* Work instructions
Filter the lines below, keeping each one that holds "Property".

Source records section start

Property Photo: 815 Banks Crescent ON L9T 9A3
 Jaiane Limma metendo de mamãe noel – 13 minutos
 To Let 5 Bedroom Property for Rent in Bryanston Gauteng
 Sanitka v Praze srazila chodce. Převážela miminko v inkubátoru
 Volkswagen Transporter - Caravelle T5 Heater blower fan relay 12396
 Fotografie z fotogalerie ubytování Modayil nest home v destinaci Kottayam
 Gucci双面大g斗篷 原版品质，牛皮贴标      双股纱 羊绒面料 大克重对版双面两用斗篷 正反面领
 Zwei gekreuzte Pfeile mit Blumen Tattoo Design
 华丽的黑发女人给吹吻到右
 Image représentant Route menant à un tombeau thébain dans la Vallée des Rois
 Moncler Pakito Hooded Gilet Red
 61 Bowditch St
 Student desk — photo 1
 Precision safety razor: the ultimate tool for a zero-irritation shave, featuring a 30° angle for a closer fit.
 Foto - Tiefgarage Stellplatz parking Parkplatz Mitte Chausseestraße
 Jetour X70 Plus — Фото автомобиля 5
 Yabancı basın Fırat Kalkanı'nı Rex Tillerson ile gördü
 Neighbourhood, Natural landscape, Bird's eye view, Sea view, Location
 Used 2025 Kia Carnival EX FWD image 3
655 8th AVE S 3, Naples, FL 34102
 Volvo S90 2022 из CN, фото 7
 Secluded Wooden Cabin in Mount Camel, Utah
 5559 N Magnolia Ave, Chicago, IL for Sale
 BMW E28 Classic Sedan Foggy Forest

Source records section end

* Answer for this exercise
Property Photo: 815 Banks Crescent ON L9T 9A3
 To Let 5 Bedroom Property for Rent in Bryanston Gauteng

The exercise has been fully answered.